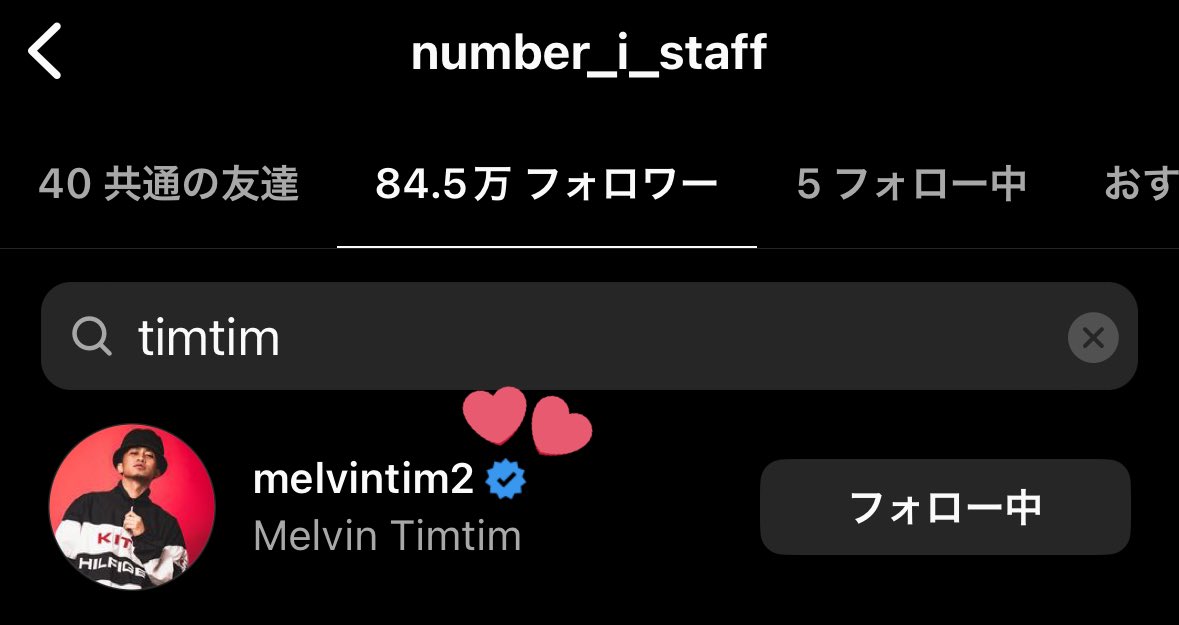 HiranP49_0129's tweet photo. これは期待してもいい??🥹🥹🥹
TimTimさんがNumber_iのインスタフォローしてるよ😍🙌🏻
#Number_i https://t.co/JqOMXYBx7a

+++++

* Work to be completed
Every line of the data above should be quoted exactly. Omit the pictures.

* Response
 HiranP49_0129's tweet photo. これは期待してもいい??🥹🥹🥹
TimTimさんがNumber_iのインスタフォローしてるよ😍🙌🏻
#Number_i https://t.co/JqOMXYBx7a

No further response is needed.